▸ **TASK DETAILS**
The line containing "istock grilled chicken" marks the end: quote every line from the start of the records below through it, word for word.

▸ **EXTRACTED ENTRIES**
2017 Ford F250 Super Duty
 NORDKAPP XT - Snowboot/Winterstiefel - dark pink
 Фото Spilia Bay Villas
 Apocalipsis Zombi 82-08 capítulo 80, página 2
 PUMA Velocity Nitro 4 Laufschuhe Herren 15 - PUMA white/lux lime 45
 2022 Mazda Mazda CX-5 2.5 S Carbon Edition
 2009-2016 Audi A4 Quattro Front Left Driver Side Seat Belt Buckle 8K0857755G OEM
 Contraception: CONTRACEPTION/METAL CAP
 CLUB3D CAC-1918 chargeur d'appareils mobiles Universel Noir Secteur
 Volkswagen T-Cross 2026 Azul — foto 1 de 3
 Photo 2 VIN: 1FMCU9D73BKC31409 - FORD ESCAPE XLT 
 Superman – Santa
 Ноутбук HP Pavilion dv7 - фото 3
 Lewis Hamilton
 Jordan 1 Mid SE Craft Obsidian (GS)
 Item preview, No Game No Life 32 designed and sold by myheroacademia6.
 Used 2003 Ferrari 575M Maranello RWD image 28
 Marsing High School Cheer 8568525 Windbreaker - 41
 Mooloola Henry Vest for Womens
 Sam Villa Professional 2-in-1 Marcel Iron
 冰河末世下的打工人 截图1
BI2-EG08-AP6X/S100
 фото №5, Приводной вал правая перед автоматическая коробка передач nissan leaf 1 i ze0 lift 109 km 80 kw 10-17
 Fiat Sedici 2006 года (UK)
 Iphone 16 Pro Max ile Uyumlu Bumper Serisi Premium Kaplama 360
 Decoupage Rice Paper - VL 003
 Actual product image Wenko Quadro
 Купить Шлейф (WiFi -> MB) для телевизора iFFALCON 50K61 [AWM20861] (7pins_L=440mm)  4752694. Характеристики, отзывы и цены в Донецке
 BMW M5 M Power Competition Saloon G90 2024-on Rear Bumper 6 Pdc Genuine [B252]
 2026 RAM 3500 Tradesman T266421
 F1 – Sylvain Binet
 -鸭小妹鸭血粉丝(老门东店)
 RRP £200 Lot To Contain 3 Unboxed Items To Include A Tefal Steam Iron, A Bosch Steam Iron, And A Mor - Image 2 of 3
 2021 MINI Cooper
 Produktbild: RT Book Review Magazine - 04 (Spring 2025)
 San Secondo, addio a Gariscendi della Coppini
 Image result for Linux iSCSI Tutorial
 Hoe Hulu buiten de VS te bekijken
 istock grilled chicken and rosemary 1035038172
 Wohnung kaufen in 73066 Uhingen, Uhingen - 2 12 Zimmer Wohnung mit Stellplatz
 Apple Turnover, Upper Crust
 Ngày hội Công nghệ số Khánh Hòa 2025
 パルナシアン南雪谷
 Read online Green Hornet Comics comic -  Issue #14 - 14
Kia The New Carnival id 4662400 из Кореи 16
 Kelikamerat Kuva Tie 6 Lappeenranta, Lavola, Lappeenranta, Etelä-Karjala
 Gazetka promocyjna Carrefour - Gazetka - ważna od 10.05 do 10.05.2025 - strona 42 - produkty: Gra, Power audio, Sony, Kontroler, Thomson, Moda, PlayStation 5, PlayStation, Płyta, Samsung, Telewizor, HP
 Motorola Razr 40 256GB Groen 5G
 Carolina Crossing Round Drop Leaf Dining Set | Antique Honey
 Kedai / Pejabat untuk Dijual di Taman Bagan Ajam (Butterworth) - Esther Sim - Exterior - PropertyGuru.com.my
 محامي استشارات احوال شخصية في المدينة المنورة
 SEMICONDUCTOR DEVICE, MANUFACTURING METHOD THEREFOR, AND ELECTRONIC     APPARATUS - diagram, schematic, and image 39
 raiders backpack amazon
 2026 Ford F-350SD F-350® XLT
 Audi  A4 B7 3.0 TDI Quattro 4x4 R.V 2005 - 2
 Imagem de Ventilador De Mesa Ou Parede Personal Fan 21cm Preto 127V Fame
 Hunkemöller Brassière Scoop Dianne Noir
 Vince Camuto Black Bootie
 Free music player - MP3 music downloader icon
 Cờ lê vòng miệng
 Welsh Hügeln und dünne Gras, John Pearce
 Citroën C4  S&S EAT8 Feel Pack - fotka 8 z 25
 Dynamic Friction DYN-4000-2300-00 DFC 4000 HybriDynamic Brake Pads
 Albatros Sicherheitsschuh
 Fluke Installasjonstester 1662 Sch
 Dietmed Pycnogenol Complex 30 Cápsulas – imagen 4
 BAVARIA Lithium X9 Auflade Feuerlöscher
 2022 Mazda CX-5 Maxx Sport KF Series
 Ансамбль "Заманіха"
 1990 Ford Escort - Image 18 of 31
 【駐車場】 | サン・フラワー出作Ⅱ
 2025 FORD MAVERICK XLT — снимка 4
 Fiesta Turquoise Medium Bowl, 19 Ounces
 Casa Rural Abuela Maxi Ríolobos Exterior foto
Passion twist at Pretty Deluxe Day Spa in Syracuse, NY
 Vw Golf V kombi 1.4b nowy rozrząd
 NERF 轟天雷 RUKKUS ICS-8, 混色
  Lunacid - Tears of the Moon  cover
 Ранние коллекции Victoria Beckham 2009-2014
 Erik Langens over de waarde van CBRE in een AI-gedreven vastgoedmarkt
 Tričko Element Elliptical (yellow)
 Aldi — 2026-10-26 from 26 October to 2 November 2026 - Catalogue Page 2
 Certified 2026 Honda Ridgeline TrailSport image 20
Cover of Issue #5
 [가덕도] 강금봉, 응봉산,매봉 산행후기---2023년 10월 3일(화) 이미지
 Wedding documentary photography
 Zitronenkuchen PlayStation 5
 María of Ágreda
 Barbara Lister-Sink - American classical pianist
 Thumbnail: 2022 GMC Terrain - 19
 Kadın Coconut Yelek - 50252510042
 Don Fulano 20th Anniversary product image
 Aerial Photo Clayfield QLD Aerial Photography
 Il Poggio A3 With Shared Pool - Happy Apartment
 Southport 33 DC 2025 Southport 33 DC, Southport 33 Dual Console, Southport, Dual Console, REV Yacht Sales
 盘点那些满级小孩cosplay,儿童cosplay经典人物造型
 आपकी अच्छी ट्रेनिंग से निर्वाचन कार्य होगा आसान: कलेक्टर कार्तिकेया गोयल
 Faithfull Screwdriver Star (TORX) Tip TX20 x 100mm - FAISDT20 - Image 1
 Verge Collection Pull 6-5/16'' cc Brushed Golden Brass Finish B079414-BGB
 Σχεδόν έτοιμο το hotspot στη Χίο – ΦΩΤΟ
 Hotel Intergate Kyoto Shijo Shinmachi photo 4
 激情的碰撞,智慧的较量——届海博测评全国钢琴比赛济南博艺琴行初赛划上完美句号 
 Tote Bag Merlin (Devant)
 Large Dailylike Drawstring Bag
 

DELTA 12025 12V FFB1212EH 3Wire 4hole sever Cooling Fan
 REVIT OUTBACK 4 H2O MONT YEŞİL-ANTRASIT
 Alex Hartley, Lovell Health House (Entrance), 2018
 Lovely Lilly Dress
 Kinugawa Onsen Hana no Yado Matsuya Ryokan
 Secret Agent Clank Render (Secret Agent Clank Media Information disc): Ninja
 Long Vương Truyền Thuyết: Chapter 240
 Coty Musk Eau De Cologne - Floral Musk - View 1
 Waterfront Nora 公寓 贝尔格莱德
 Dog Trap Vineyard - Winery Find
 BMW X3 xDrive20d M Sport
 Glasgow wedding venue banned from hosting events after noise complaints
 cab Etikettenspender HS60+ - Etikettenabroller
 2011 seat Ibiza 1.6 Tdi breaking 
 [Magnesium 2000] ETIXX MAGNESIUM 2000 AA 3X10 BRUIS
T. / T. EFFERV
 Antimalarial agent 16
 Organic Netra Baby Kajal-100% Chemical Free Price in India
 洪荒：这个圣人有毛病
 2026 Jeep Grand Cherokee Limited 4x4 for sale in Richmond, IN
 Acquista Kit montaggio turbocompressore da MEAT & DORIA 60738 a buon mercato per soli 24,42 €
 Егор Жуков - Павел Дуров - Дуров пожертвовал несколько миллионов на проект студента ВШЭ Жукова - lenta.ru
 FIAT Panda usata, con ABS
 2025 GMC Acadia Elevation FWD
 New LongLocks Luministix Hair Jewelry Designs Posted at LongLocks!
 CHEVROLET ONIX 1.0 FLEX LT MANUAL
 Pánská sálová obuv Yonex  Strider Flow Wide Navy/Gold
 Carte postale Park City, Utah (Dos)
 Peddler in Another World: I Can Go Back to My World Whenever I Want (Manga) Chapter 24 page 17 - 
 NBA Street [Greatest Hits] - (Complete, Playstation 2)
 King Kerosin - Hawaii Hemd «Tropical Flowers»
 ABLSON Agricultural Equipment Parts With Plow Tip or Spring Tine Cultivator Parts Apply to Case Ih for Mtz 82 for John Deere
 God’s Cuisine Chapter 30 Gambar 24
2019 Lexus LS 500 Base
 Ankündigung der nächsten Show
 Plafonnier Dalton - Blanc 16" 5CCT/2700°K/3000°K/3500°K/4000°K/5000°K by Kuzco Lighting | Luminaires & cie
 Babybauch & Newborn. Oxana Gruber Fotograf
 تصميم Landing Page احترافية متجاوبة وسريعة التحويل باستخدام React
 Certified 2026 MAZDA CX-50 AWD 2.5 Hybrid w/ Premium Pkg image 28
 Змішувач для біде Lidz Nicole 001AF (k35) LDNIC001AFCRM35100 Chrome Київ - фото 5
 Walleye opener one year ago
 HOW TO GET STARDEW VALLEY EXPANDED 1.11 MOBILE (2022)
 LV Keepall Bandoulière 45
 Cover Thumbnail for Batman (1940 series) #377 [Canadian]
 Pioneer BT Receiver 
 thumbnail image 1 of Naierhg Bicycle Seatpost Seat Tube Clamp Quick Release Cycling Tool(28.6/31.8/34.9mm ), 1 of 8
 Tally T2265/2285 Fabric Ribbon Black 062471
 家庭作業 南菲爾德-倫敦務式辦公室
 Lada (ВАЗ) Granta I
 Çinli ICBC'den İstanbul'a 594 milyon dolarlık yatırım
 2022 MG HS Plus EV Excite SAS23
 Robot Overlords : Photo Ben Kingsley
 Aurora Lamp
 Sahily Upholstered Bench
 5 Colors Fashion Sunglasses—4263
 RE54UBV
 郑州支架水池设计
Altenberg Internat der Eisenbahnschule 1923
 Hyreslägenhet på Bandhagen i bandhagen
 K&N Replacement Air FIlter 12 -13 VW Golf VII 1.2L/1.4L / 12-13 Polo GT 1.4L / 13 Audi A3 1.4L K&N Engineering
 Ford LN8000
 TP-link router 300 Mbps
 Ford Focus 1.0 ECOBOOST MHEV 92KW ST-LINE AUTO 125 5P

▸ **RESPONSE**
2017 Ford F250 Super Duty
 NORDKAPP XT - Snowboot/Winterstiefel - dark pink
 Фото Spilia Bay Villas
 Apocalipsis Zombi 82-08 capítulo 80, página 2
 PUMA Velocity Nitro 4 Laufschuhe Herren 15 - PUMA white/lux lime 45
 2022 Mazda Mazda CX-5 2.5 S Carbon Edition
 2009-2016 Audi A4 Quattro Front Left Driver Side Seat Belt Buckle 8K0857755G OEM
 Contraception: CONTRACEPTION/METAL CAP
 CLUB3D CAC-1918 chargeur d'appareils mobiles Universel Noir Secteur
 Volkswagen T-Cross 2026 Azul — foto 1 de 3
 Photo 2 VIN: 1FMCU9D73BKC31409 - FORD ESCAPE XLT 
 Superman – Santa
 Ноутбук HP Pavilion dv7 - фото 3
 Lewis Hamilton
 Jordan 1 Mid SE Craft Obsidian (GS)
 Item preview, No Game No Life 32 designed and sold by myheroacademia6.
 Used 2003 Ferrari 575M Maranello RWD image 28
 Marsing High School Cheer 8568525 Windbreaker - 41
 Mooloola Henry Vest for Womens
 Sam Villa Professional 2-in-1 Marcel Iron
 冰河末世下的打工人 截图1
BI2-EG08-AP6X/S100
 фото №5, Приводной вал правая перед автоматическая коробка передач nissan leaf 1 i ze0 lift 109 km 80 kw 10-17
 Fiat Sedici 2006 года (UK)
 Iphone 16 Pro Max ile Uyumlu Bumper Serisi Premium Kaplama 360
 Decoupage Rice Paper - VL 003
 Actual product image Wenko Quadro
 Купить Шлейф (WiFi -> MB) для телевизора iFFALCON 50K61 [AWM20861] (7pins_L=440mm)  4752694. Характеристики, отзывы и цены в Донецке
 BMW M5 M Power Competition Saloon G90 2024-on Rear Bumper 6 Pdc Genuine [B252]
 2026 RAM 3500 Tradesman T266421
 F1 – Sylvain Binet
 -鸭小妹鸭血粉丝(老门东店)
 RRP £200 Lot To Contain 3 Unboxed Items To Include A Tefal Steam Iron, A Bosch Steam Iron, And A Mor - Image 2 of 3
 2021 MINI Cooper
 Produktbild: RT Book Review Magazine - 04 (Spring 2025)
 San Secondo, addio a Gariscendi della Coppini
 Image result for Linux iSCSI Tutorial
 Hoe Hulu buiten de VS te bekijken
 istock grilled chicken and rosemary 1035038172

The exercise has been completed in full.